Ten Mexican horses intercepted while being smuggled across the Rio Grande river into the United States were suffering from the parasitic disease equine piroplasmosis, authorities have revealed.
The case has highlighted the risks posed to US livestock by animals being smuggled across its border from Mexico.
US Border Patrol agents recently seized the 10 adult horses, along with four yearlings, as smugglers tried to take them across the Rio Grande near Indian Hot Springs, in southern Hudspeth county, south of El Paso.
The animals, described as thoroughbreds, were turned over to United States Department of Agriculture officials, who tested the horses in Presidio, Texas, for several diseases considered foreign to the US.
All 10 of the adult animals tested positive for equine piroplasmosis, which is routinely found in Mexico and many other countries around the world, but is not considered endemic to the US.
The blood-borne protozoal disease can be fatal to horses and could create major constraints to interstate and international movements if left undetected. It does not affect humans.
El Paso-based field veterinarian Grant Wease, with the US Department of Agriculture, said the illegal movement of animals was an ongoing concern in the vast open spaces of West Texas.
“In some places, the Rio Grande poses no barrier at all to foot traffic for man or animal,” he said.
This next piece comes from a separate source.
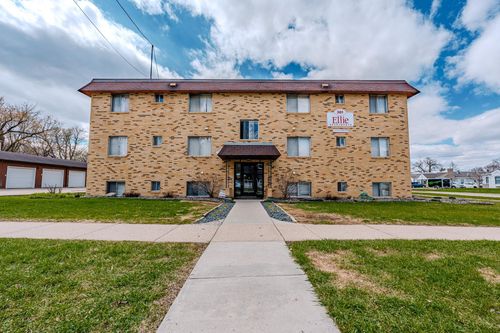 301 6th St S, Moorhead, MN, 56560-2763 | Card Image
Wease said that, in 2011, about 280 head of cattle and 160 equines, mainly horses, were intercepted by federal officials along the Rio Grande.
To further complicate the situation, many of the normal import processes for livestock entering Texas have been impacted by border violence, making the attempt to smuggle animals into the state even more tempting.
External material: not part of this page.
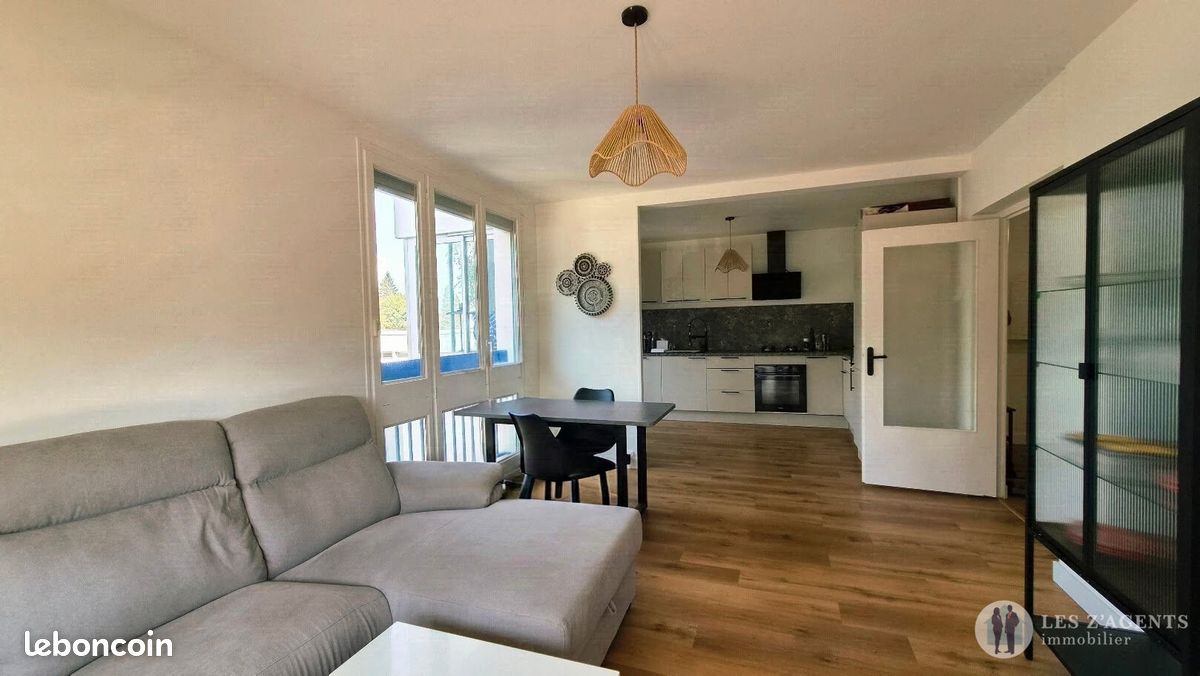 Appartement 3 pièces 67 m² · à Saint-Martin-d'Hères · 67 m² · 835 €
The investigation of the most recent incident of horse smuggling is ongoing.
Federal agriculture authorities and the Texas Animal Health Commission are working to determine not only the source of the horses, but the possible destination as well.
The commission recently passed rules around equine piroplasmosis requiring testing of racehorses prior to entry into a Texas track, and numerous other states have done the same because of recent cases found in that population of
“Racing quarter horses with some connection to Mexico appear to be at highest risk of testing positive to the emerging disease,” Texas state veterinarian Dee Ellis said.
Although the intercepted horses were described as thoroughbreds, they were considered to be more likely breeding-type animals rather than race-ready horses.
Ellis continued: “This situation highlights the ongoing border security problems Texas is facing, which leads to an increased risk of disease introduction for the Texas livestock population when animals enter our state illegally.
“I encourage all citizens that witness unusual activity regarding livestock movement near the Mexican border to contact their local law enforcement or animal health officials as quickly as possible to report the situation.”